Of course, when you look at the documentation, you realise it could never have worked as it wasn’t a supported type to filter on.
Because the interface is identical—an empty box—users cannot distinguish between a tool that respects metadata constraints and one that merely performs semantic fuzzy search and always returns the closest top K results even if it ignores the filter constraints.
The third point concerns what operations the system can perform and whether it can combine them.
Consider this research task: “Find me papers referenced by Article X, then identify related papers that could have been cited but weren’t.”
You normally wouldn’t expect this to work in the old days with conventional search but with talk about agentic search, ai-powered research assistants users may expect this to work.

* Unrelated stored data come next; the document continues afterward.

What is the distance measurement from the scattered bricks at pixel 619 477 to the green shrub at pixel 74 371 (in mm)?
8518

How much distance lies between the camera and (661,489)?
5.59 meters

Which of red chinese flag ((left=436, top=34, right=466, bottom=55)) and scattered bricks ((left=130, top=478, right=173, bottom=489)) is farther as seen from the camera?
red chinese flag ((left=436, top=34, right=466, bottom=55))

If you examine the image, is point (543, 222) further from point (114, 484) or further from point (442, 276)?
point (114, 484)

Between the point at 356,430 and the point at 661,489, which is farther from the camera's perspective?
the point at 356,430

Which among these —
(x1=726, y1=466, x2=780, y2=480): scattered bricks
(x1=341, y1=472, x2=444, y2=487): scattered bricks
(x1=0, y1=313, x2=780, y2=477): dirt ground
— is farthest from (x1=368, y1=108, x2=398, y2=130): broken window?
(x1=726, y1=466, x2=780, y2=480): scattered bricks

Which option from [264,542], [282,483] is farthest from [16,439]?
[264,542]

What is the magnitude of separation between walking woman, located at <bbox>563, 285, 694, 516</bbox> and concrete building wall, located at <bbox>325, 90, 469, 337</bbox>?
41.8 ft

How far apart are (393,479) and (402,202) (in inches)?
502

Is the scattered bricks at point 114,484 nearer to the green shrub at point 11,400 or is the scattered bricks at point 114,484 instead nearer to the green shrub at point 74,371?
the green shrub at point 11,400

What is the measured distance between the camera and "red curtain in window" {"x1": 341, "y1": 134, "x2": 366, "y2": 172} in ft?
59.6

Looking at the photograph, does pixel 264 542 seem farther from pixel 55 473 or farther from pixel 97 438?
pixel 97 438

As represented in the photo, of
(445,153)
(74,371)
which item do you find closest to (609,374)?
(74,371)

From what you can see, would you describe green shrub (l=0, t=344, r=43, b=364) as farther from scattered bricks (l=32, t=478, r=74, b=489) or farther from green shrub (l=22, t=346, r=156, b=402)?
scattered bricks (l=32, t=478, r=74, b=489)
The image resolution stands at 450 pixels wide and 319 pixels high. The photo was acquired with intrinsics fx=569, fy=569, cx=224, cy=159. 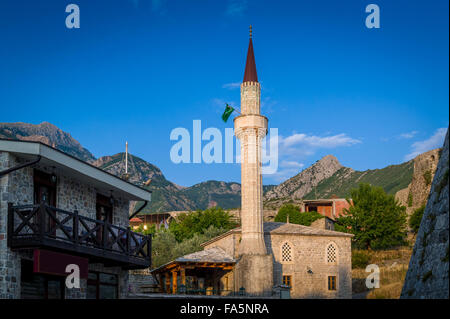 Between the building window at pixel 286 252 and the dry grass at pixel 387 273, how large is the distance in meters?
5.78

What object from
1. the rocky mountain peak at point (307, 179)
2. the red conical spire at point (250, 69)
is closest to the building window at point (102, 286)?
the red conical spire at point (250, 69)

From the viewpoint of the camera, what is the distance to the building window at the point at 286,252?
3919 cm

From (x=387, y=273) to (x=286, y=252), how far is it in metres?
8.45

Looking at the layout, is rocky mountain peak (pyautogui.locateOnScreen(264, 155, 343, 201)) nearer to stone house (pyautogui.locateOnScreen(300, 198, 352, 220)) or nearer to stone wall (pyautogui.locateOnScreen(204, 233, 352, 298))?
stone house (pyautogui.locateOnScreen(300, 198, 352, 220))

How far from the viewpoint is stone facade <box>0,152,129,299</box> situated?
47.9 feet

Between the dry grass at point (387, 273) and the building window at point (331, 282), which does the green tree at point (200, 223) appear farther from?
the building window at point (331, 282)

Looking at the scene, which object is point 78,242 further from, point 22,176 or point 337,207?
point 337,207

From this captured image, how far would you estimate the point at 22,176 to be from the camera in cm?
1568

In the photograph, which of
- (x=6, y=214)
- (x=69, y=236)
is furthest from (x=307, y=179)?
(x=6, y=214)

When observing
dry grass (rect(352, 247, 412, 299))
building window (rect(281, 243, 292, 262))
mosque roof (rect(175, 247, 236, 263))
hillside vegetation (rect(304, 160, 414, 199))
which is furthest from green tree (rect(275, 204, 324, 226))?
hillside vegetation (rect(304, 160, 414, 199))

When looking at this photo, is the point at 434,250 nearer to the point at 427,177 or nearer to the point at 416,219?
the point at 416,219

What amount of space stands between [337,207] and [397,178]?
150 feet

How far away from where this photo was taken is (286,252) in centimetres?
3934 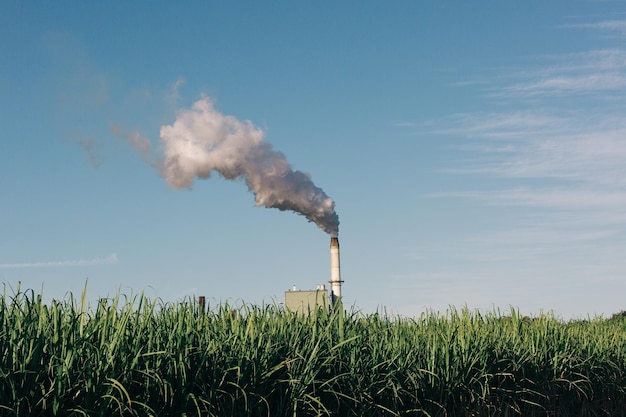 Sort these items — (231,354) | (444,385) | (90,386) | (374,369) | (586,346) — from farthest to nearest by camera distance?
(586,346) → (444,385) → (374,369) → (231,354) → (90,386)

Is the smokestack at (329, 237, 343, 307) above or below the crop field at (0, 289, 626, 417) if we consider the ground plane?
above

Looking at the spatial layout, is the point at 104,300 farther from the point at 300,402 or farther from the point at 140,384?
the point at 300,402

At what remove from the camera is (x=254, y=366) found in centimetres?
703

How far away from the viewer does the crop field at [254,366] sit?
19.4 feet

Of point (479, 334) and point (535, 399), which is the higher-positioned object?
point (479, 334)

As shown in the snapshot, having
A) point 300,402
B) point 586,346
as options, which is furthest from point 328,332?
point 586,346

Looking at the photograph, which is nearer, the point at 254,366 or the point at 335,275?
the point at 254,366

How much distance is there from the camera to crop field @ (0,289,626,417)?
5906 mm

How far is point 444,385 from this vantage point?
29.5 feet

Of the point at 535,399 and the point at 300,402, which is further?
the point at 535,399

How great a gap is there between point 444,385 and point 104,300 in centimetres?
424

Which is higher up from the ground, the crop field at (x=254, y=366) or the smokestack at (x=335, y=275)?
Result: the smokestack at (x=335, y=275)

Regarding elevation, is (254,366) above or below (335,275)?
below

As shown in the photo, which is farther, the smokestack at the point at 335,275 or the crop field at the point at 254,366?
the smokestack at the point at 335,275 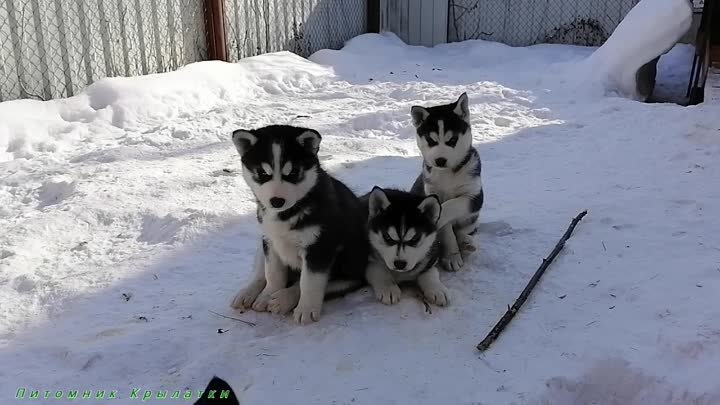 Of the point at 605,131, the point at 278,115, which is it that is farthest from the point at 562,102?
the point at 278,115

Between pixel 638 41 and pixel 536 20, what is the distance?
4488 mm

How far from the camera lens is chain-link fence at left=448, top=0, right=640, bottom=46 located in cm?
1180

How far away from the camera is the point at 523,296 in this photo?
10.5 feet

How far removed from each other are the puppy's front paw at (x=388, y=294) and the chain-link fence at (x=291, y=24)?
6296 millimetres

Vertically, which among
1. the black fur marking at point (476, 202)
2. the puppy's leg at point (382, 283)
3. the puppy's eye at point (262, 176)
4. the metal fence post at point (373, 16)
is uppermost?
the metal fence post at point (373, 16)

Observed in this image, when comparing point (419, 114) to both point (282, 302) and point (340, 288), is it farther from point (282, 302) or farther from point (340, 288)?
point (282, 302)

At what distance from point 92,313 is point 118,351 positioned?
0.50 metres

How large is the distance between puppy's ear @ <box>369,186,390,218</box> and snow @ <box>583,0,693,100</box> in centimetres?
607

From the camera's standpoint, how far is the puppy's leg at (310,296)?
2.98 m

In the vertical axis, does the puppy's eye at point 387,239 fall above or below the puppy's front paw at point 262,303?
above

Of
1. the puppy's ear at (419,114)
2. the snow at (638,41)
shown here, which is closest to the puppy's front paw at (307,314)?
the puppy's ear at (419,114)

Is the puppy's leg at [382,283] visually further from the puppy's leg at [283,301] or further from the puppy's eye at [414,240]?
the puppy's leg at [283,301]

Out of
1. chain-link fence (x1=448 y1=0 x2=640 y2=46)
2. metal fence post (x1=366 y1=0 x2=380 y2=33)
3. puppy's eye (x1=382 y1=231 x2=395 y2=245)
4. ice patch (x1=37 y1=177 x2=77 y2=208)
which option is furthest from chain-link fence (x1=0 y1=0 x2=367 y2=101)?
puppy's eye (x1=382 y1=231 x2=395 y2=245)

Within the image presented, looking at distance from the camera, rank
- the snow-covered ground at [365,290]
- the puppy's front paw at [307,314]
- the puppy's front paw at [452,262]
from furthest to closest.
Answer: the puppy's front paw at [452,262]
the puppy's front paw at [307,314]
the snow-covered ground at [365,290] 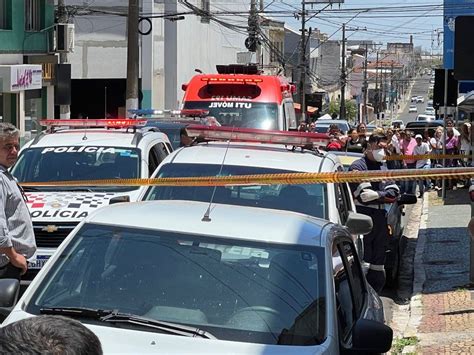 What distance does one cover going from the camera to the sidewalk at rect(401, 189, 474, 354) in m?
9.07

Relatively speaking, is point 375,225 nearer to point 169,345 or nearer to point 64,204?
point 64,204

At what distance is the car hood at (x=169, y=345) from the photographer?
4.56 m

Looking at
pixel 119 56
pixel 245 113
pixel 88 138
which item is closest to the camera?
pixel 88 138

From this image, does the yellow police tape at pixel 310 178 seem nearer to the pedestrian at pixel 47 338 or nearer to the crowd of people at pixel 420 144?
the pedestrian at pixel 47 338

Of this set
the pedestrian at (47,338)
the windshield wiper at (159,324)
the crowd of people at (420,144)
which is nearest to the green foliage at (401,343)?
the windshield wiper at (159,324)

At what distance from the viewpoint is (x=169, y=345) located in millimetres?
4617

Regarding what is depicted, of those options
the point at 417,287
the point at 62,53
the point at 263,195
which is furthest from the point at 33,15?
the point at 263,195

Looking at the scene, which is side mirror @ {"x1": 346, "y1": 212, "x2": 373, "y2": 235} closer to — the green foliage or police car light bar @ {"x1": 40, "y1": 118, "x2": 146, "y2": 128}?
the green foliage

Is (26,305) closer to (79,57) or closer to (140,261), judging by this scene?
(140,261)

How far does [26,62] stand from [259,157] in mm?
20587

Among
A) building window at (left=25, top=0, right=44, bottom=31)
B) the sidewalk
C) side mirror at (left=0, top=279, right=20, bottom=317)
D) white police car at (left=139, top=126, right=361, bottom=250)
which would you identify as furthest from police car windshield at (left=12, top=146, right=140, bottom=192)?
building window at (left=25, top=0, right=44, bottom=31)

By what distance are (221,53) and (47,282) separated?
166ft

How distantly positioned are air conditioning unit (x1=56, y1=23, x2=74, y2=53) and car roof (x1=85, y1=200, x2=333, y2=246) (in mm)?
26034

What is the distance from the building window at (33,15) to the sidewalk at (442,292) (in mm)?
14731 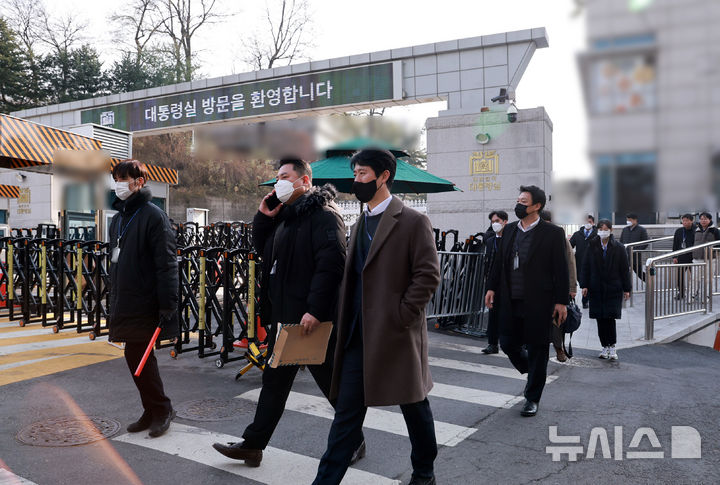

While some agentic systems can indeed do it, this requires running multiple operations in sequence: retrieve the article, extract its reference list, search for semantically related papers, compare the sets, identify gaps. Still, it’s a reasonably simple enough research workflow.
But AI search tools vary dramatically in whether they can execute it. In my testing, “deep research” or agentic search tools like Elicit, Undermind, Scite Assistant, and Consensus failed at this task, despite many having citation searching or parsing capability—probably due to predetermined workflows.
Agentic systems with genuine compositional capability can accomplish this: fetch the article, parse references, run searches, synthesise results—potentially working with a sequence of steps that wasn’t predetermined by the designers.
Systems with fixed workflows like AI2’s Asta (formerly AI2 Paper Finder), Undermind.ai, Elicit, Consensus implement predetermined pipelines: “literature search,” “citation chasing,”, “evaluation of results” or “summarisation” in a fairly fixed sequence. The LLM decides which pre-built flow to invoke, but it cannot compose novel sequences. The operations exist in isolation, not as combinable primitives.
The user staring at the search box has no way to know which category their tool falls into. They may assume the limitation is their own—that they haven’t found the right phrasing—when they’re hitting an architectural ceiling. This is perhaps the cruellest form of capability ambiguity: users engage in elaborate prompt engineering to unlock capabilities that don’t exist.
(For more details, see Deep Research, Shallow Agency: What Academic Deep Research Can and Can’t Do.)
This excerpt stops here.